PUT ON YOUR BIG GIRL PANTIES AND DO IT!
This experience left a permanent scar on me. It was if my whole life had been erased when I needed to downsize and declutter. Having to throw everything away wanted me to never have to throw anything away. The mental anguish I felt after losing my mother was incredibly painful but leaving behind my “things” was devastating. The connection of who we are and what we have is a strong one.
To handle the task at-hand which was to downsize and declutter my home, I knew I needed to put away my feelings for a while. I needed to go slowly so I could take the time to let go. Initially I decided to do a first pass through my home. That meant I would go into each room and just throw out all the items I knew were 100% garbage and not needed any longer. That part was quite easy because I was basically just throwing out junk.

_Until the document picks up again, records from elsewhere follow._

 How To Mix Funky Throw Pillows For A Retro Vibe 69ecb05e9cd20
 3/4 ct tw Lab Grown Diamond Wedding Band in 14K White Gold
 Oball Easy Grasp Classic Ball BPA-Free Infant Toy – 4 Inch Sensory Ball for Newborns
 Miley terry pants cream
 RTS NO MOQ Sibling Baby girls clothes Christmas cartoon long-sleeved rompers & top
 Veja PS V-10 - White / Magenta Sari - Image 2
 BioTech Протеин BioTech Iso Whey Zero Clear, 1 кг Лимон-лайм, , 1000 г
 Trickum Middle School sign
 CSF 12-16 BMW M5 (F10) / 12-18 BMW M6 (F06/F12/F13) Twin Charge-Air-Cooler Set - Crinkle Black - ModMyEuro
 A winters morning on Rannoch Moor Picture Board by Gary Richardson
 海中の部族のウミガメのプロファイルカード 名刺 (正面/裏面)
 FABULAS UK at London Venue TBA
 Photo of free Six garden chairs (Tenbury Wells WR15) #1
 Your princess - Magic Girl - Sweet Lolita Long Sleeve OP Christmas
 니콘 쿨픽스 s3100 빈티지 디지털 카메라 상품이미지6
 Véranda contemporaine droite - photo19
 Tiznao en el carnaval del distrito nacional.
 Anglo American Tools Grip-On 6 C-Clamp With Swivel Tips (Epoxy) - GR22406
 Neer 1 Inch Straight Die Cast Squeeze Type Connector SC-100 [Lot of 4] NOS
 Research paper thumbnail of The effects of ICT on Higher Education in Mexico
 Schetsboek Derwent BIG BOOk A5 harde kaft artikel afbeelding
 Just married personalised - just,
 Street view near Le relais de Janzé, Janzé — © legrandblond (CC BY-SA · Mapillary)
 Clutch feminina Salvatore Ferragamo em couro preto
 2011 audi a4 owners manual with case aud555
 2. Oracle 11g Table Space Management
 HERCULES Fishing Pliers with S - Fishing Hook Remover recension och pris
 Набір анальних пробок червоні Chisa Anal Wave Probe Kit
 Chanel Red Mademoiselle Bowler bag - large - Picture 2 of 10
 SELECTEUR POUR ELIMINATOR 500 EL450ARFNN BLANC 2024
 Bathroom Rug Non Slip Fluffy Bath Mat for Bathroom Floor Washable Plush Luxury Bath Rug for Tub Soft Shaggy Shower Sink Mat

An old tee shirt, an old pair of shoes, a frying pan I hadn’t used in ten years and just all the miscellaneous pieces of junk that I had accumulated over the last twenty-five years.For me I thought it would be easier to do my downsizing in steps and that’s exactly what I did after the first pass. My plan was to concentrate on one room and thoroughly go through the closets and drawers and nooks and crannies and decide what was staying and what was going. This phase was a little more difficult as it required me to be more intimate with my decisions but I didn’t allow myself to think too much as I tossed away.
After those two passes it was now time to really get down and dirty with the items still left in my home. I would bring in one or two trash bags into one room and not leave until they were completely full. This phase required me to be intimate with each item in deciding its fate. I was overwhelmed with feelings, something I had not anticipated. I was amazed how upset a drawing done by my son when he was four-years old could make me. I’d be a liar to say there was no crying. How can a paper mache mask made by an eight-year old girl be so important to me? But it was.
I found that I packed up and kept many more mementos than I did tangible items. I could always buy a new crock pot or blender or pair of green pants but I could never buy a poem written by my daughter or story written by my son when they were children. This was very difficult for me.
I soon came to realize that needing to declutter and downsize my home was actually very good for my mental health. Although I didn’t enjoy the process, I did find that I felt calmer without all that extraneous stuff around. Also, the decluttering process reintroduced me to wonderful memories I had long forgotten – a school trip, a special birthday, or a fun family vacation. There was hurt but there was also joy.
I had hoped that this downsize would help me to determine what my next phase in life would be. Should I rent my home? Should I sell it? What should I be doing? I can honestly say that I have no idea what my next chapter will be but I do know that making the thousands of decisions over tiny scraps of paper and worn out pairs of sneakers have given me a clarity that I did not have before.
This experience highlighted the most important things in my life. Although painful, downsizing my home was both healing and cathartic. I received much joy from coming upon little momentos of my past. I would say that downsizing has helped me to focus on where I’ve been and perhaps where I should be going.
But don’t think I’m done. When I have as little as ten minutes I often times will go into a room I thought was stripped bare and find a whole garbage bag full of stuff to throw out. I feel empowered. And I believe I am evolving into who I should be at this phase in my life.
“The best way to find out what we really need is to get rid of what we don’t.”